Detect and handle outliers in ball position data.

In [None]:
# Simple outlier detection using velocity-based approach
def detect_velocity_outliers(df, position_col, threshold_multiplier=3):
    """
    Detect outliers based on sudden velocity changes
    """
    # Calculate velocity (change in position)
    velocity = df[position_col].diff().abs()
    
    # Define threshold as mean + threshold_multiplier * std
    threshold = velocity.mean() + threshold_multiplier * velocity.std()
    
    # Mark outliers
    outliers = velocity > threshold
    
    return outliers, threshold

# Detect outliers in X and Y coordinates
outliers_x, threshold_x = detect_velocity_outliers(df_ball_interpolated, 'center_x')
outliers_y, threshold_y = detect_velocity_outliers(df_ball_interpolated, 'center_y')

# Combine outliers
outliers_combined = outliers_x | outliers_y

print(f"Detected {outliers_combined.sum()} outliers ({outliers_combined.sum()/len(df_ball_interpolated):.2%})")
print(f"X velocity threshold: {threshold_x:.2f} pixels/frame")
print(f"Y velocity threshold: {threshold_y:.2f} pixels/frame")

# Create cleaned dataset
df_ball_cleaned = df_ball_interpolated.copy()
df_ball_cleaned.loc[outliers_combined, ['center_x', 'center_y']] = np.nan
df_ball_cleaned = df_ball_cleaned.interpolate(method='linear')

print("\nOutliers removed and re-interpolated")

## 9. Data Quality Metrics

Calculate metrics to assess preprocessing quality.

In [None]:
# Calculate preprocessing quality metrics
def calculate_smoothness(data):
    """Calculate data smoothness using second derivative"""
    second_derivative = np.diff(data, n=2)
    return np.std(second_derivative)

# Compare smoothness before and after preprocessing
raw_smoothness_x = calculate_smoothness(df_ball_interpolated['center_x'].dropna())
filtered_smoothness_x = calculate_smoothness(df_ball_smoothed['center_x_lowpass'])

raw_smoothness_y = calculate_smoothness(df_ball_interpolated['center_y'].dropna())
filtered_smoothness_y = calculate_smoothness(df_ball_smoothed['center_y_lowpass'])

print("Data Quality Metrics:")
print(f"X Coordinate Smoothness:")
print(f"  Raw (interpolated): {raw_smoothness_x:.2f}")
print(f"  After filtering: {filtered_smoothness_x:.2f}")
print(f"  Improvement: {(raw_smoothness_x - filtered_smoothness_x)/raw_smoothness_x:.2%}")
print(f"\nY Coordinate Smoothness:")
print(f"  Raw (interpolated): {raw_smoothness_y:.2f}")
print(f"  After filtering: {filtered_smoothness_y:.2f}")
print(f"  Improvement: {(raw_smoothness_y - filtered_smoothness_y)/raw_smoothness_y:.2%}")

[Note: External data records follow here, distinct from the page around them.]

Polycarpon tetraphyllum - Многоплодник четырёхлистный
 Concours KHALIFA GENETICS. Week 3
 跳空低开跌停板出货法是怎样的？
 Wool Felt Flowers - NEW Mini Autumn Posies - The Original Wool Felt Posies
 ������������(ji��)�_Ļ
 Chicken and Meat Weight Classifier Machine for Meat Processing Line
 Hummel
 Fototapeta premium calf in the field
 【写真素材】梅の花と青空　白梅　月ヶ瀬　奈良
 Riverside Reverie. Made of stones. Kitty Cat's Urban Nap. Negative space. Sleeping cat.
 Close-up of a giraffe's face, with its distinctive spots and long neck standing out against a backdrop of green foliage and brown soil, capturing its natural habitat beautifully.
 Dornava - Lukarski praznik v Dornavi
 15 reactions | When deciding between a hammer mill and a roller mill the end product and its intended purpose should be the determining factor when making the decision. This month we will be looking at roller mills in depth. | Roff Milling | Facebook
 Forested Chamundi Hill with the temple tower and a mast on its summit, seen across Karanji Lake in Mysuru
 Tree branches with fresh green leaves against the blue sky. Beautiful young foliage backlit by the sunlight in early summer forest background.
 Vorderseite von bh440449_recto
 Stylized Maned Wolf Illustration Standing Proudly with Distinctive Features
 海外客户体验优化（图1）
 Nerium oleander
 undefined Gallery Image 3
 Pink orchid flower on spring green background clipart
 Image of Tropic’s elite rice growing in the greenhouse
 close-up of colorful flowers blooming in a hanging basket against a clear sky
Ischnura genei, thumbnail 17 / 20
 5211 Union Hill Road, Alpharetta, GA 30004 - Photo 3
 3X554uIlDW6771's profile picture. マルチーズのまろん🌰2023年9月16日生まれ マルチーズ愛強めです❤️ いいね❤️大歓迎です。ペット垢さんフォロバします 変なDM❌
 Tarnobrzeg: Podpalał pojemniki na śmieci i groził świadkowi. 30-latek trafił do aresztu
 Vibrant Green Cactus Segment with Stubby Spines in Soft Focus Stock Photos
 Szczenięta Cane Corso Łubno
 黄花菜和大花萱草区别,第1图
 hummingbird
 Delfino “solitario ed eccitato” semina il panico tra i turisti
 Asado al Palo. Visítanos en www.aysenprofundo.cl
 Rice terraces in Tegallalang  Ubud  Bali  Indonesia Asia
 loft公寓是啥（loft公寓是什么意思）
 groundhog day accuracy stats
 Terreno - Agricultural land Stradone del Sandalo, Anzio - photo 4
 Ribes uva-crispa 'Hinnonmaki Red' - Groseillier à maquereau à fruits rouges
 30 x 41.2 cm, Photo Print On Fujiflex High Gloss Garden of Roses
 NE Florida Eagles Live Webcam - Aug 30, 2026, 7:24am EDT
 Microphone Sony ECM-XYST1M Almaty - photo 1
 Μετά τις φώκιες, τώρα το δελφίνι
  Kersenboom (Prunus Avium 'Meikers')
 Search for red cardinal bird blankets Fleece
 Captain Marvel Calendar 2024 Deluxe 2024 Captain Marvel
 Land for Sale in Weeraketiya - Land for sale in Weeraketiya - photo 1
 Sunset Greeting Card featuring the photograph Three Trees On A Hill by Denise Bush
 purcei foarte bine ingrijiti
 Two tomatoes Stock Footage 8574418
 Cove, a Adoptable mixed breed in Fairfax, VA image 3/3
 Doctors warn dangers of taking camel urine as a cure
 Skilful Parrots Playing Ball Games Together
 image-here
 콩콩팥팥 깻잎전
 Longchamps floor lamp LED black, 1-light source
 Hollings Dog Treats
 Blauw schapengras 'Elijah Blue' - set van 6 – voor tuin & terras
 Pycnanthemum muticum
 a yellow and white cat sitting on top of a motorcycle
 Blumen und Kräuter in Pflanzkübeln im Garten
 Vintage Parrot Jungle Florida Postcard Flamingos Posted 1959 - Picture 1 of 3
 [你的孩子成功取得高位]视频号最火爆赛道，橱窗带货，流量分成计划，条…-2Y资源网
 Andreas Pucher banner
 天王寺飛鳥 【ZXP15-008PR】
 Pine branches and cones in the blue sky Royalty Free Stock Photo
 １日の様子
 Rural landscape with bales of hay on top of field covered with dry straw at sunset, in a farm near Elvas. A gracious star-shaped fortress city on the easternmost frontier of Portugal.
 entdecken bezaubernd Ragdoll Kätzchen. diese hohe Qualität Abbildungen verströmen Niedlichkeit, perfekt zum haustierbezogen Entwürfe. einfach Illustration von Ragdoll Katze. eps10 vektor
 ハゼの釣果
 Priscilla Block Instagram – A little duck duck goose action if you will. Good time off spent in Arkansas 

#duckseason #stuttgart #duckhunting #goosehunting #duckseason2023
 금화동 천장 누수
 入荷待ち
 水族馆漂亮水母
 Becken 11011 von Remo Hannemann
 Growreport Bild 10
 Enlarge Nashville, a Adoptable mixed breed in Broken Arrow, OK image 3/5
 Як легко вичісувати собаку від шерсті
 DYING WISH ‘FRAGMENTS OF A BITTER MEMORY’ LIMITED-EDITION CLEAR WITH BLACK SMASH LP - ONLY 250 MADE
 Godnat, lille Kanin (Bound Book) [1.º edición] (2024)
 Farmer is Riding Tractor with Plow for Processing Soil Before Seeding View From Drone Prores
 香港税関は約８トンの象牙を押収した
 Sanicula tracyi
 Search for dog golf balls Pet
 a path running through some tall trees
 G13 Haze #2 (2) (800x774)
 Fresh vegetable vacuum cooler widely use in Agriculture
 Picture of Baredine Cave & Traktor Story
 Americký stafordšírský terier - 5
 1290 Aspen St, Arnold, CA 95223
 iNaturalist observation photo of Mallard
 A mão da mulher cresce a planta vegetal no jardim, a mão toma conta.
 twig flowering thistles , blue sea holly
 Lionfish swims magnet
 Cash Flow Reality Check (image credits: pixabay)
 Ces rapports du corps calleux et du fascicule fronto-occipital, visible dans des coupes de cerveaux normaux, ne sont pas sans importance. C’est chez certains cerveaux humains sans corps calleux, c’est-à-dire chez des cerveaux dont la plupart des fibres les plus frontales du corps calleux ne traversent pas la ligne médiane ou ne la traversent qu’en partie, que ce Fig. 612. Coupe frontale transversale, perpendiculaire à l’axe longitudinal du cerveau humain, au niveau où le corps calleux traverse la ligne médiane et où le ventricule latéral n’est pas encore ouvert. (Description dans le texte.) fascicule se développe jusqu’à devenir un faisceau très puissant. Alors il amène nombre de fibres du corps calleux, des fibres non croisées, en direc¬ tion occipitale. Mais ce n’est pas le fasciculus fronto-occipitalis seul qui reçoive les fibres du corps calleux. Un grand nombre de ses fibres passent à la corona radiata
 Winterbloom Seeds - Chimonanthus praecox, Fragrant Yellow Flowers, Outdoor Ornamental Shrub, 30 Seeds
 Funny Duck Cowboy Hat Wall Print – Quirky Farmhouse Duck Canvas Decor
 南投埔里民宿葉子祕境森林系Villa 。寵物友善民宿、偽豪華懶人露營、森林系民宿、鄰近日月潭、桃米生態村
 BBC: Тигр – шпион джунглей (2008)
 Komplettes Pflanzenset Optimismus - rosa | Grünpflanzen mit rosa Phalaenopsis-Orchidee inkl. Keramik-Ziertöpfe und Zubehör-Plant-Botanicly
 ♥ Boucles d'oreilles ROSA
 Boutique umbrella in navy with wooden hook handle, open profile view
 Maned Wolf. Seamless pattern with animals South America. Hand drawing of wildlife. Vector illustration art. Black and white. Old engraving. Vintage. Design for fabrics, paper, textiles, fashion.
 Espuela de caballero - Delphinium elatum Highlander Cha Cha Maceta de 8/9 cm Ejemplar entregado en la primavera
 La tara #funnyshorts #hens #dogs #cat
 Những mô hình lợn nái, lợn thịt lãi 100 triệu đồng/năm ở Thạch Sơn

## 10. Export Preprocessed Data

Save the preprocessed data for use in subsequent chapters.

In [None]:
# Create final preprocessed dataset
df_final = pd.DataFrame({
    'frame': range(len(df_ball_smoothed)),
    'center_x_raw': df_ball_interpolated['center_x'],
    'center_y_raw': df_ball_interpolated['center_y'],
    'center_x_smooth': df_ball_smoothed['center_x_smooth'],
    'center_y_smooth': df_ball_smoothed['center_y_smooth'],
    'center_x_filtered': df_ball_smoothed['center_x_lowpass'],
    'center_y_filtered': df_ball_smoothed['center_y_lowpass'],
    'width': df_ball_interpolated['width'],
    'height': df_ball_interpolated['height']
})

# Save preprocessed data
df_final.to_csv('ball_positions_preprocessed.csv', index=False)
print("Preprocessed data saved to 'ball_positions_preprocessed.csv'")
print(f"Final dataset shape: {df_final.shape}")
print("\nFinal dataset summary:")
print(df_final.describe())

## Summary

This notebook demonstrated Chapter 3 concepts:

1. **Missing Value Imputation**: Used pandas interpolation to fill gaps in ball detection data
2. **Rolling Mean Smoothing**: Applied window-based smoothing equivalent to low-pass filtering
3. **Butterworth Low-Pass Filter**: Implemented actual frequency-domain filtering
4. **Coordinate Transformations**: Converted bounding boxes to center coordinates
5. **Data Normalization**: Scaled coordinates to normalized ranges
6. **Outlier Detection**: Identified and removed velocity-based outliers
7. **Quality Assessment**: Measured preprocessing effectiveness

The preprocessed ball position data is now ready for feature extraction and analysis in subsequent chapters.